As local nonprofit teams plan for another calendar year, the agenda most likely will include strategies for embracing change, innovation and sustainability in numerous areas, according to Amir Pasic, Eugene R. Tempel Dean of the Indiana University Lilly Family School of Philanthropy.

With the pandemic and social protests representing some of the most disruptive events in the nation’s history, nonprofits are being forced to regroup on how to carry out their mission and operations, Pasic noted. “Almost all of our lives were turned upside down in many ways,” Pasic said. “The nonprofit philanthropic sector was no exception.”

Pasic pointed out six trends that nonprofits will likely need to address as they move into a new year.

1. Integrating equity as a long-term solution. While conversations and news around racial equity may not be as intense at the height of social justice protests, it will remain at the forefront of agendas of nonprofits, Pasic said. 

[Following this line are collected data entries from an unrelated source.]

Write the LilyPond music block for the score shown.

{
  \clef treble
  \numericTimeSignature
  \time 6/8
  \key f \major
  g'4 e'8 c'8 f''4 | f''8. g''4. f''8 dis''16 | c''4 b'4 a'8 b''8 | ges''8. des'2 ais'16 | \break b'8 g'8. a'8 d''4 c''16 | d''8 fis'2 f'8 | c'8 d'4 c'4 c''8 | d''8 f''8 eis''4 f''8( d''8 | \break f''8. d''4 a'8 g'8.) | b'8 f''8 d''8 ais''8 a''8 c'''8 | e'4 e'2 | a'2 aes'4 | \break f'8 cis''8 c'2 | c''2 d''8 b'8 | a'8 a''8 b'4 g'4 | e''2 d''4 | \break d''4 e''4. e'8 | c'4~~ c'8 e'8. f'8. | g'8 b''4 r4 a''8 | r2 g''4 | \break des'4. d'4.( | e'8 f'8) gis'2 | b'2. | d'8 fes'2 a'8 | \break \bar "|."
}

“When you had the kind of material, economic consequences of COVID, and then afterwards the killing of George Floyd and other black citizens, you saw the rise of racial reckoning and that becoming a global phenomenon. Equity and inclusion became major topics,” he said. “The fervor might have dissipated a bit, but I think those priorities are going to be there permanently for the nonprofit sector because so many of us became aware of the fact that our institutions and practices have been exclusionary.”

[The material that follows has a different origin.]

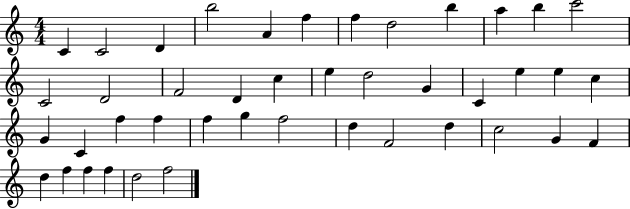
C4/q C4/h D4/q B5/h A4/q F5/q F5/q D5/h B5/q A5/q B5/q C6/h C4/h D4/h F4/h D4/q C5/q E5/q D5/h G4/q C4/q E5/q E5/q C5/q G4/q C4/q F5/q F5/q F5/q G5/q F5/h D5/q F4/h D5/q C5/h G4/q F4/q D5/q F5/q F5/q F5/q D5/h F5/h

With the growing awareness around racial equity, Pasic added, it will have a “differential impact on nonprofits, depending on where they stand.”

2. Relying on a smaller pool of donors, mostly wealthy. Another trend that emerged during the pandemic is a shrinking pool of donors, Pasic said. “One of areas of research that has been interesting but somewhat worrisome is that giving continued to grow, but it came from a smaller number of donors,” Pasic said. “There was pretty strong evidence that donations are coming from a smaller number of wealthier people. We will be looking to determine if that trend will continue.”

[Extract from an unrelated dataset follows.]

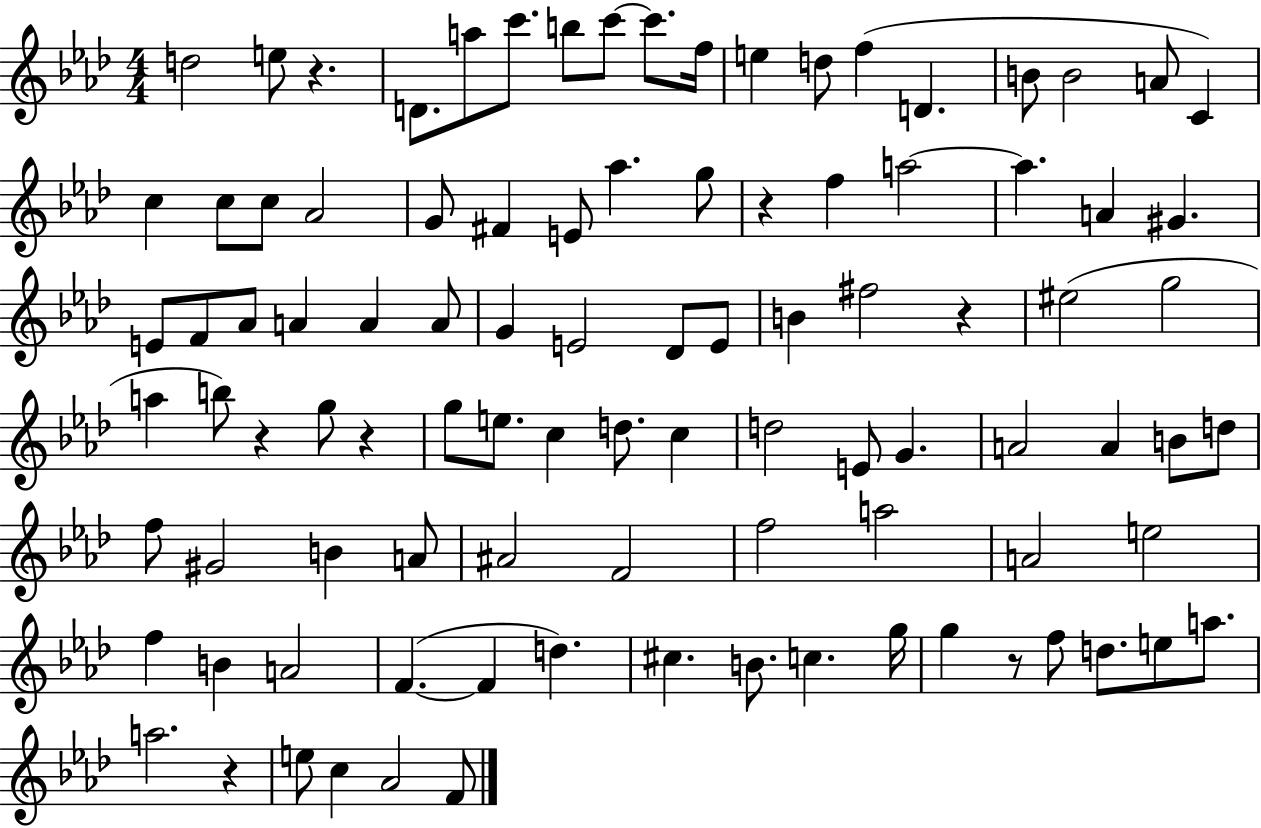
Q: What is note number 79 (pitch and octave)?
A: C5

Pasic said that nonprofits will need to make further adjustments if that trend remains. They will need to understand the best strategies for engaging a smaller number of donors until they can expand their donor base. “They need to ask, ‘How do you balance that with planning for a future where you’re trying to replenish those donors over time?’,” Pasic said

3. Rethinking employee work schedules. Another concern related to equity emerged during the pandemic when some employees easily transitioned to working online, while others faced downsizing or layoffs because they jobs demanded an in-person presence,according to Pasic.

Human resource leaders will need to explore ways to adopt hybrid work models while addressing the needs of all employees. “It looks like there’s going to be all kinds of different combinations of people working remotely,” he said.  

4. Offering a mix of in-person and online volunteer/giving opportunities. During the pandemic, a significant number of nonprofits offered volunteers ways to continue to support the mission remotely, Pasic said. “More people started giving online, engaging online and trying to figure out who they can help online,” he said. “At the same time, we saw an upsurge in neighbors helping their neighbors. We saw people knocking on the doors of neighbors they may never have met before to see if they could help by shopping for groceries.

“I think we’re going to see more of this type of decision-making in the future,” he added. “People will continue to figure out what it is that they can do remotely and when they have to travel.”

5. Remind your team of your mission. With many nonprofit organizations undergoing unprecedented changes in adjusting to challenges, it’s important to take the time to focus on the mission, Pasic said.

“In times of difficulty, it’s important to remind yourself why you exist. What is your mission?” he said. “Revive that purpose. It’s not only a time to remind yourself of what that is, but for those who are your champions. It can sometimes be forgotten when we’re all scrambling to make it through the day, but I think that that sense of mission can be rejuvenated and give you some energy to start the next day.”

6. Embrace innovation as an ongoing pursuit. “The pandemic has shown us that there’s no reason to keep doing the way we’ve been doing,” Pasic said. “A sense of innovation and possibilities are some of the positive things that came out of the pandemic. When we know our mission, then we can think of innovative and interesting ways to pursue that. We need to take some of the things we learned during the pandemic and apply it to the future.”